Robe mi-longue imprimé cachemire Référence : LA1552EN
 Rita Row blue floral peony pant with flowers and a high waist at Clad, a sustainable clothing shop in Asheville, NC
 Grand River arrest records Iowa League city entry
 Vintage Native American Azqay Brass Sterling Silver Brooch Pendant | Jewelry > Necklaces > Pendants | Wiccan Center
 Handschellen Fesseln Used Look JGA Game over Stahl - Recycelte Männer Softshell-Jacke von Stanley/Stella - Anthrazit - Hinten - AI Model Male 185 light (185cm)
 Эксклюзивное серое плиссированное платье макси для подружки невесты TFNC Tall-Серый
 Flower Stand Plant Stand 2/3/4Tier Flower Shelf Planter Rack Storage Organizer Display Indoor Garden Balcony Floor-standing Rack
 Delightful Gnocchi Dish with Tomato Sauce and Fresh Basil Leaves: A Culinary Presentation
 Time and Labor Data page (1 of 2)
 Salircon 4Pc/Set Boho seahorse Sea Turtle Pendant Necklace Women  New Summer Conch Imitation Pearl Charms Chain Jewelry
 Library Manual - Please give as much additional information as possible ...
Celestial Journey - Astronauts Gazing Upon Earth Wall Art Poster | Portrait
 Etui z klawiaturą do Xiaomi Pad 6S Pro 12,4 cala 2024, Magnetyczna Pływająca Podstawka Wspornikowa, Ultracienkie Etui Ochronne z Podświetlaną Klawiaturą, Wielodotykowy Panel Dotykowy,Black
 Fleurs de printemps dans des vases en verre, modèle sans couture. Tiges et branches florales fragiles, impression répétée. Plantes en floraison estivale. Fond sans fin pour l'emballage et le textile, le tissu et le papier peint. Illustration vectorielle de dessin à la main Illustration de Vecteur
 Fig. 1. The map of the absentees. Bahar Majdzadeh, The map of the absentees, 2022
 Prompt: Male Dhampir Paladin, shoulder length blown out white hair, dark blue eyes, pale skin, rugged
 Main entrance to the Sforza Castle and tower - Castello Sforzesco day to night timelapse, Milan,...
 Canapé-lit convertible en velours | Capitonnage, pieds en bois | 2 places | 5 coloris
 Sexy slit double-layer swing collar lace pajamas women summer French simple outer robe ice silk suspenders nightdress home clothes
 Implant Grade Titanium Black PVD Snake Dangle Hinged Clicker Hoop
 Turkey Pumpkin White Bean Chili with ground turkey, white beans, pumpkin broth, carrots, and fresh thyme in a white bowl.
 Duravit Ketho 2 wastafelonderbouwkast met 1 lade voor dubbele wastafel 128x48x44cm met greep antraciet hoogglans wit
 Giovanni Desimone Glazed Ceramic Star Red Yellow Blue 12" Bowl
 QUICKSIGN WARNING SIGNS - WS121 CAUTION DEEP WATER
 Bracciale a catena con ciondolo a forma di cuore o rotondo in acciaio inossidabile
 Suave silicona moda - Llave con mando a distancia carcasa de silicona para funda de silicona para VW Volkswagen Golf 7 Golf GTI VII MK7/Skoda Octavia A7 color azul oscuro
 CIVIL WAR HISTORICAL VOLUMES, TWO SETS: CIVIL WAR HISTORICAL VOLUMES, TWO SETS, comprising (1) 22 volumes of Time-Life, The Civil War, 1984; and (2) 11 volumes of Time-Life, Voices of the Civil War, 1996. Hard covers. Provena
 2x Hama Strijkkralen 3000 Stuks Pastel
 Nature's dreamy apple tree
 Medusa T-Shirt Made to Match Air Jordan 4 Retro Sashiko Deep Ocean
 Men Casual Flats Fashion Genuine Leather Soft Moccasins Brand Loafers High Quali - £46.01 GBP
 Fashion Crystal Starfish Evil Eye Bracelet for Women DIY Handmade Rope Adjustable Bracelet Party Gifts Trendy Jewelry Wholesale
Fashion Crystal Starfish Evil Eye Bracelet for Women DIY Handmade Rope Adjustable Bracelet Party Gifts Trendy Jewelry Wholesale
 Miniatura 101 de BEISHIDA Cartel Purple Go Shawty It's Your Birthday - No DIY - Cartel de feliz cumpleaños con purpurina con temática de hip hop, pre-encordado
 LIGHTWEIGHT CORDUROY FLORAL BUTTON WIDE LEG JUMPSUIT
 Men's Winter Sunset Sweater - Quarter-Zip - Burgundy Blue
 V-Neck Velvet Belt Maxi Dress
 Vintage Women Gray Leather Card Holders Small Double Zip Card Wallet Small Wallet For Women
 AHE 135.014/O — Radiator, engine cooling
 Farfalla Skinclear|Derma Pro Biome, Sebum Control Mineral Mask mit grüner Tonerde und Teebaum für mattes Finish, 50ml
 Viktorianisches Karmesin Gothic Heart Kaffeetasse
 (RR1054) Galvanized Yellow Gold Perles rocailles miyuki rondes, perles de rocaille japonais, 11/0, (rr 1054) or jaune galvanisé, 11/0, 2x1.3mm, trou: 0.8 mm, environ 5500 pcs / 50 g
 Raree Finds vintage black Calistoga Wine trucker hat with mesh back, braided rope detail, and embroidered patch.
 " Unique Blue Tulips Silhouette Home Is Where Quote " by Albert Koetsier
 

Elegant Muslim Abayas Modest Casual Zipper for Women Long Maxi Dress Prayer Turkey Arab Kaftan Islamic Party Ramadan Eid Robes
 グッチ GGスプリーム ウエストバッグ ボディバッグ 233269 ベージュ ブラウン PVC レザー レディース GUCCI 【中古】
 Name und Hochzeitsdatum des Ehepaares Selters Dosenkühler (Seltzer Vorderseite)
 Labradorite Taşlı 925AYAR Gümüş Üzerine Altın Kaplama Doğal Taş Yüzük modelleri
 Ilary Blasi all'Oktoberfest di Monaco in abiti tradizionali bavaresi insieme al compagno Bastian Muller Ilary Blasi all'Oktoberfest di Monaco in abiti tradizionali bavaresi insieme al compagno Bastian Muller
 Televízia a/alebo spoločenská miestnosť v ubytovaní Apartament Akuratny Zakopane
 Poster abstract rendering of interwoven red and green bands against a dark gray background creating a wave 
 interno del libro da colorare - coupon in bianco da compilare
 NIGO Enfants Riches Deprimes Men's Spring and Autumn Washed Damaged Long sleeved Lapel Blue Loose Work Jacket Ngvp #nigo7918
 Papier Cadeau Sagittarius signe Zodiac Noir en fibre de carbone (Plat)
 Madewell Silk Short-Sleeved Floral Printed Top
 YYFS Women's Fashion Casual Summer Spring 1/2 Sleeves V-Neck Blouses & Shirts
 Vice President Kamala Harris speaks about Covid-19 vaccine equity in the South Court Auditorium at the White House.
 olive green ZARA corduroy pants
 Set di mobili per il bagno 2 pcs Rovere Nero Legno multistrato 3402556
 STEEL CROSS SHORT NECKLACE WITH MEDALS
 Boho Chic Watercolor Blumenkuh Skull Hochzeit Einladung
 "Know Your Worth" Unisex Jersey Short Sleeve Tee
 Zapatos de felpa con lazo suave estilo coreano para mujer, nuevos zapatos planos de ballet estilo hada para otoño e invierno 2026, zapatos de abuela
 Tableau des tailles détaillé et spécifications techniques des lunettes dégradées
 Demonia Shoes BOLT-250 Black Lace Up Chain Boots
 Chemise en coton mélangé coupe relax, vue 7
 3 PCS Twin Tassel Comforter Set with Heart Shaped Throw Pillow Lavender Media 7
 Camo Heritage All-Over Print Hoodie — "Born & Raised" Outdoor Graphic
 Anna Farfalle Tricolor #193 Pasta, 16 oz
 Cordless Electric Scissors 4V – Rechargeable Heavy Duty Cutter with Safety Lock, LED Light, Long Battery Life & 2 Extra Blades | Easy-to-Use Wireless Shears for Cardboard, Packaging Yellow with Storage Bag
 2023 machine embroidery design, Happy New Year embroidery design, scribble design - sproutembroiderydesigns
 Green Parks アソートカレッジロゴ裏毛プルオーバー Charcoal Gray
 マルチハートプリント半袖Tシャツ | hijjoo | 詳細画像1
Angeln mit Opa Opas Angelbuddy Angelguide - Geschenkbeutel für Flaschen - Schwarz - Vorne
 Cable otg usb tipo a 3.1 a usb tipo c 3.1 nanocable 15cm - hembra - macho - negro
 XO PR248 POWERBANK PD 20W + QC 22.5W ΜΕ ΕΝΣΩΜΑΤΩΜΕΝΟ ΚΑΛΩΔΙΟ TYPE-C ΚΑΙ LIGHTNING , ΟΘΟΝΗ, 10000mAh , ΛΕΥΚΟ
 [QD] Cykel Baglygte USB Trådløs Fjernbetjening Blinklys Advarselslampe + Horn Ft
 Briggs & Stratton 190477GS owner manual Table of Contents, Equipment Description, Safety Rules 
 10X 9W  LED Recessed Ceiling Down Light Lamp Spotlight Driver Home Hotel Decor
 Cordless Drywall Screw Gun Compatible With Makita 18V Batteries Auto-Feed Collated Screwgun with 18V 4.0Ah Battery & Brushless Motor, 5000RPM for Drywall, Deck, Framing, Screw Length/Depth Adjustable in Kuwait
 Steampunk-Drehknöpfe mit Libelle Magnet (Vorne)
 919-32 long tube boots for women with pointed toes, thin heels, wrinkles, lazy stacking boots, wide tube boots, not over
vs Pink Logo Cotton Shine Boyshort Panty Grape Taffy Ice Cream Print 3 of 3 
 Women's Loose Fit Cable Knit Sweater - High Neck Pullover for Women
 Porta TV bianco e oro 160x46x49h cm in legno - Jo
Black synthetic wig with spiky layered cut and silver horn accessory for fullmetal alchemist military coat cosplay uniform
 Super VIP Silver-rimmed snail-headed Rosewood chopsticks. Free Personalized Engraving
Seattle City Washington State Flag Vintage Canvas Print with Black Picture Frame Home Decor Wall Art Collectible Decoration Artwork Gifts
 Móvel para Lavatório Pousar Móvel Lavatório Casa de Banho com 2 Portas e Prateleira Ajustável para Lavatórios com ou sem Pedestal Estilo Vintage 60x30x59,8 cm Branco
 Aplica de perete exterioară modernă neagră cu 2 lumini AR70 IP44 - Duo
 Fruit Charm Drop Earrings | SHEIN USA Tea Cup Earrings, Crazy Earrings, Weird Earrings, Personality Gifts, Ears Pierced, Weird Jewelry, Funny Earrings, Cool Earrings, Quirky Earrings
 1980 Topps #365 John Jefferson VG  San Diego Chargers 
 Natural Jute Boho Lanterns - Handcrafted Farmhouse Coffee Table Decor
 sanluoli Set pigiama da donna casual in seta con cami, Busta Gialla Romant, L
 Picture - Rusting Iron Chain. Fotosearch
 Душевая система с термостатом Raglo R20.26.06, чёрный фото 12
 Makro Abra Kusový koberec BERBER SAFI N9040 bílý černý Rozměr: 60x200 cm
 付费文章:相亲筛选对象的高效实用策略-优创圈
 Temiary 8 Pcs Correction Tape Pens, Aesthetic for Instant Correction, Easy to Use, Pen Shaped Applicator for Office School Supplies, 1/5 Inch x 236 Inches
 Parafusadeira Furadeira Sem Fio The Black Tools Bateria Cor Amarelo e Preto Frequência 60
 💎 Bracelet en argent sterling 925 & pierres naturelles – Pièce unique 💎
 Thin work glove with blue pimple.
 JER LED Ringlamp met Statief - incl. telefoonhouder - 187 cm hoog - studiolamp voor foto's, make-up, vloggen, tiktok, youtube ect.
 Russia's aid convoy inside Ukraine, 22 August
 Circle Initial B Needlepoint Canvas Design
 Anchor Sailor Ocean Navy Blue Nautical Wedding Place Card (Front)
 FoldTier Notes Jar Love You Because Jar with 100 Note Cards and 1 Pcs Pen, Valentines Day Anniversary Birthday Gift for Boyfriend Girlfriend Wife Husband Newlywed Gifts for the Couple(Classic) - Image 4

——

> _Activity_: Could you restate word for word the lines above from the one containing "Papier Cadeau Sagittarius" through the one containing "Cable otg usb", both included, and nothing else?

> _Response_:
 Papier Cadeau Sagittarius signe Zodiac Noir en fibre de carbone (Plat)
 Madewell Silk Short-Sleeved Floral Printed Top
 YYFS Women's Fashion Casual Summer Spring 1/2 Sleeves V-Neck Blouses & Shirts
 Vice President Kamala Harris speaks about Covid-19 vaccine equity in the South Court Auditorium at the White House.
 olive green ZARA corduroy pants
 Set di mobili per il bagno 2 pcs Rovere Nero Legno multistrato 3402556
 STEEL CROSS SHORT NECKLACE WITH MEDALS
 Boho Chic Watercolor Blumenkuh Skull Hochzeit Einladung
 "Know Your Worth" Unisex Jersey Short Sleeve Tee
 Zapatos de felpa con lazo suave estilo coreano para mujer, nuevos zapatos planos de ballet estilo hada para otoño e invierno 2026, zapatos de abuela
 Tableau des tailles détaillé et spécifications techniques des lunettes dégradées
 Demonia Shoes BOLT-250 Black Lace Up Chain Boots
 Chemise en coton mélangé coupe relax, vue 7
 3 PCS Twin Tassel Comforter Set with Heart Shaped Throw Pillow Lavender Media 7
 Camo Heritage All-Over Print Hoodie — "Born & Raised" Outdoor Graphic
 Anna Farfalle Tricolor #193 Pasta, 16 oz
 Cordless Electric Scissors 4V – Rechargeable Heavy Duty Cutter with Safety Lock, LED Light, Long Battery Life & 2 Extra Blades | Easy-to-Use Wireless Shears for Cardboard, Packaging Yellow with Storage Bag
 2023 machine embroidery design, Happy New Year embroidery design, scribble design - sproutembroiderydesigns
 Green Parks アソートカレッジロゴ裏毛プルオーバー Charcoal Gray
 マルチハートプリント半袖Tシャツ | hijjoo | 詳細画像1
Angeln mit Opa Opas Angelbuddy Angelguide - Geschenkbeutel für Flaschen - Schwarz - Vorne
 Cable otg usb tipo a 3.1 a usb tipo c 3.1 nanocable 15cm - hembra - macho - negro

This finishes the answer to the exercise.